A shaft consisting of a steel tube of 50-mm outer diameter is to transmit 100 kW of power while rotating at a frequency of 20 Hz. Determine the tube thickness that should be used if the shearing stress is not to exceed 60 MPa.


Verified Solution

The torque exerted on the shaft is given by Eq. (3.21):

T=\frac{P}{2 \pi f}=\frac{100 \times 10^{3}  W }{2 \pi(20  Hz )}=795.8  N \cdot m

From Eq. (3.22) we conclude that the parameter J / c_{2} must be at least equal to

\frac{J}{c_{2}}=\frac{T}{\tau_{\max }}=\frac{795.8  N \cdot m }{60 \times 10^{6}  N / m ^{2}}=13.26 \times 10^{-6}  m ^{3}                    (3.23)

But, from Eq. (3.10) we have

\frac{J}{c_{2}}=\frac{\pi}{2 c_{2}}\left(c_{2}^{4}-c_{1}^{4}\right)=\frac{\pi}{0.050}\left[(0.025)^{4}-c_{1}^{4}\right]                       (3.24)
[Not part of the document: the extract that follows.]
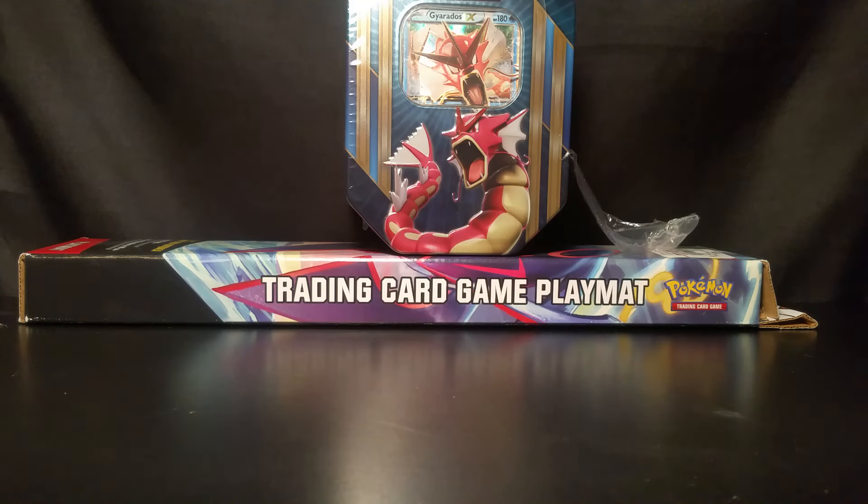What's up YouTube? This is Double Trouble Pokemon, and today we've got a whole lot of stuff going on. We've got a Gyarados EX10 we're about to dig right into, and we've got a sweet playing mat that we're going to lay out so we've got a better background rather than just this black table. We've got lots of things going on, so we're going to dig right in.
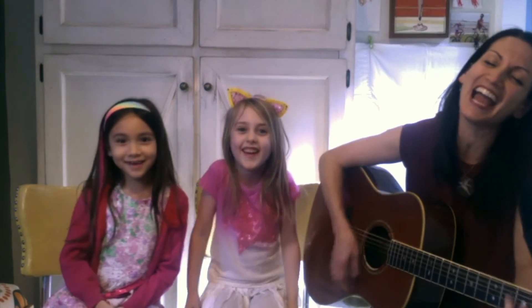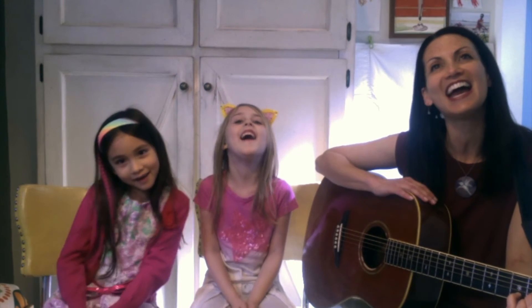Now sit back down. It's time to say hello. It's time to say hello everybody. Sing and dance today. Wonderful — great job girls and great job friends at home! Thanks so much for watching, hope to see you next time. Bye bye!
\tau=\frac{T \rho}{J}                   (3.10)

Equating the right-hand members of Eqs. (3.23) and (3.24), we obtain:

(0.025)^{4}-c_{1}^{4}=\frac{0.050}{\pi}\left(13.26 \times 10^{-6}\right)

\begin{aligned}&c_{1}^{4}=390.6 \times 10^{-9}-211.0 \times 10^{-9}=179.6 \times 10^{-9}  m ^{4} \\&c_{1}=20.6 \times 10^{-3}  m =20.6  mm\end{aligned}

The corresponding tube thickness is

c_{2}-c_{1}=25  mm -20.6  mm =4.4  mm

A tube thickness of 5 mm should be used.